Sein Körper war ausgelaugt, seine Kräfte am Ende. Der Fluch des Ewigen Hungers war kurz davor, eine gefallene Gottheit wie ihn dahinzuraffen. Was ein erbärmliches Ende! Oder war damit sein Schicksal gemeint? Sich selbst aufgeben? Liebte und schätzte er sich denn genauso sehr, wie er seine Yingzis schätzte? Würden sie vom Fluch befreit sein, wenn er sich selbst opfern würde?
Es war keine Garantie und doch war diese Antwort im Moment die plausibelste. Aber noch konnte er diesen Weg nicht beschreiten, wenn er sich nicht komplett sicher war, dass die Worte der Götter tatsächlich seine Selbstopferung meinten.

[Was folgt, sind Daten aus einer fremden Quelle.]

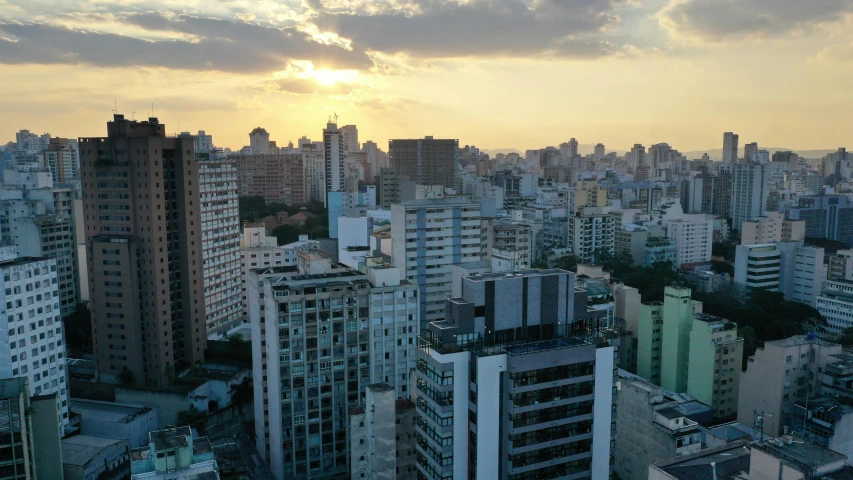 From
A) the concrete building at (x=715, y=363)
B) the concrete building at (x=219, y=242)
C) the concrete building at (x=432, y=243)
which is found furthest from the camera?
the concrete building at (x=219, y=242)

Seine letzte Hoffnung, eine Antwort zu finden, war das Schwarze Auge - eine Schlucht, von der gesagt wurde, dass der Abgrund unendlich tief war. Man würde auf ewig fallen und niemals auf dem Boden aufkommen. Bis heute war kein Wächter, der in diese Schlucht mit seinem Baohu geflogen war, bis zum Grund gekommen.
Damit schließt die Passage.